OLE Malware Hides in a PowerPoint Slideshow Evade Antivirus Detection

The latest platform used by cyber criminals to sneak malware into devices seems to be Microsoft PowerPoint. According to reports, a vulnerability has been found in the Windows Object Linking and Embedding (OLE) interface, which can be used in such a way that it avoids the detection of antivirus software. This OLE interface flaw is used by malicious threat actors as a way to distribute infected Microsoft Office documents.

As Trend Micro’s cyber security experts say, this flaw helps attackers deliver RTF/Rich Text File documents, but can also be used to compromise PowerPoint slide show documents, which is a unique way of exploiting a flaw.

The attack starts off with a spear-phishing email. According to researchers that have provided a sample of the email, there is an attachment named as PO-483848.ppsx. The email itself is masked as an order request from a cable manufacturing provider, and the common victims of the campaign are electronic firms. The address of the sender appears as sent by a business partner, and the victim is asked to check the order and quote CIF (cost, insurance, and freight) along with FOB (free on board) prices.

The attachment has shipping information in it and is harboring a malicious slide show document. once you open the file, text appears, saying ‘CVE-2017-8570,’ which refers to another of Microsoft vulnerability. This infected file triggers an exploit for the CVE-2017-0199 vulnerability to start the infection process.

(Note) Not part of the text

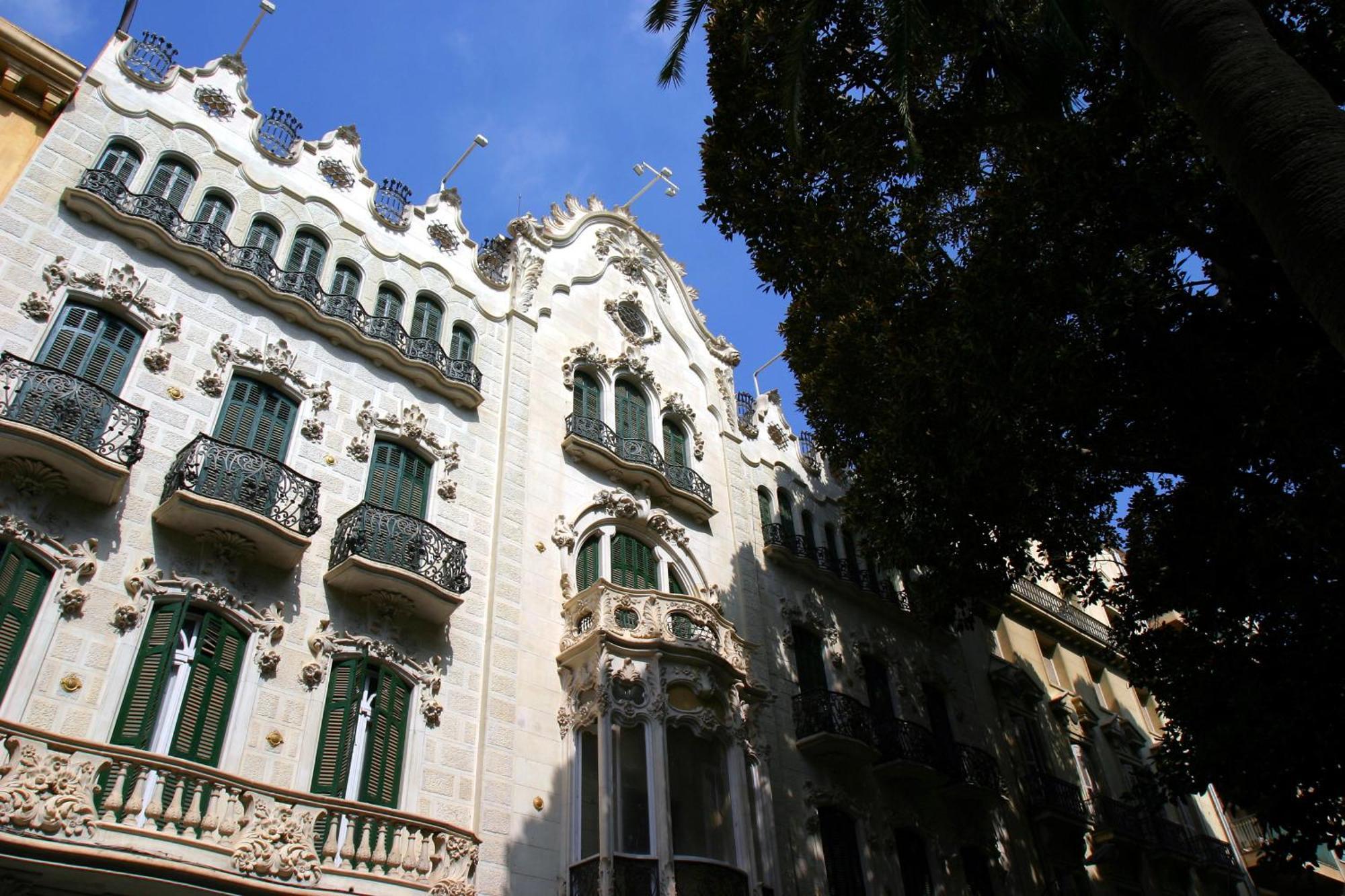 Atico Centro Historico Parking Apartment Cartagena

Interestingly enough, the malicious code is executed with the help of the animations feature on the PowerPoint Show. If successful, a file named logo.doc is downloaded, in which is JavaScript and XML code. Afterward, PowerShell is run to execute another file titled RATMAN.EXE, which is a malicious version of the Remcos remote access tool. Connection with the malware’s C&C server is then established.

Remcos can then do any of the following criminal operations on the compromised system: record audio, keylog, screen capture, record video via webcam, or download and execute another malware. The system can completely be taken over by the attacker, while the victim stays unaware of the situation.

After examining the sample attack, researchers were able to identify the use of NET protector in the attack – it has various layers of protection that can help in making the process of reverse engineering extremely complex for researchers. This proved that the attackers were quite skilled and with experience in cyber crime, and not newbies of any kind.

It is also important to say that most of the methods that detect CVE-2017-0199 vulnerability are RTF attack based, and this has probably been the first time that PPSX PowerPoint was used as the main attack vector. This may point in the direction that the attackers are able of coding malware to avoid detection from an antivirus.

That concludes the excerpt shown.